Yustinus Martir  memiliki posisi yang sangat penting dalam kehidupan Gereja, secara khusus dalam memperjuangkan eksistensi filsafat dalam dunia teologi.  Pada masa hidupnya, Gereja sedang mendapat  pergulatan yang luar biasa hebatnya untuk menemukan titik temu  antara kebenaran filsafat dan kebenaran iman Kristiani. Secara pribadi, dia menyetujui pentingnya dunia filsafat dalam merumuskan teologi. Keduanya merupakan sesuatu yang tidak dapat dilepas-pisahkan.

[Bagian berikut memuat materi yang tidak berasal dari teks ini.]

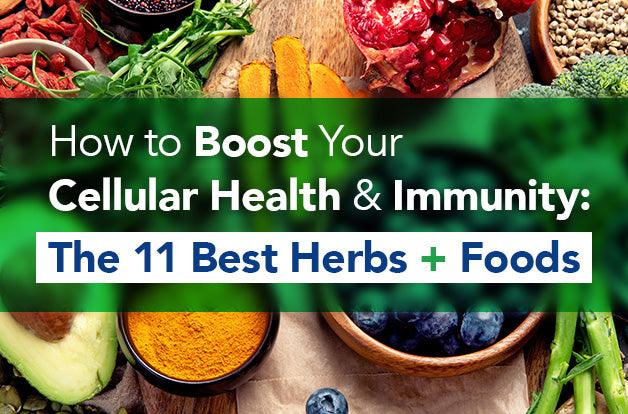 How to Boost Your Cellular Health and Immunity: The 11 Best Herbs + Foods - Vital Plan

Yustinus lahir sekitar 100 M di Flavia Neapolis (sekarang dikenal dengan nama Nablus) di Samaria. Santo Yustinus dikenal sebagai Yustinus Martir dan Yustinus sang Filsuf. Dia adalah seorang apolog Kristen dan dipandang sebagai penafsir terpenting teori Logos pada abad ke-2. Ia wafat sebagai martir bersama dengan sejumlah muridnya, dan dipandang sebagai seorang santo atau orang kudus oleh Gereja Katolik, Gereja Anglikan, Gereja Ortodoks Timur dan Gereja Ortodoks Oriental.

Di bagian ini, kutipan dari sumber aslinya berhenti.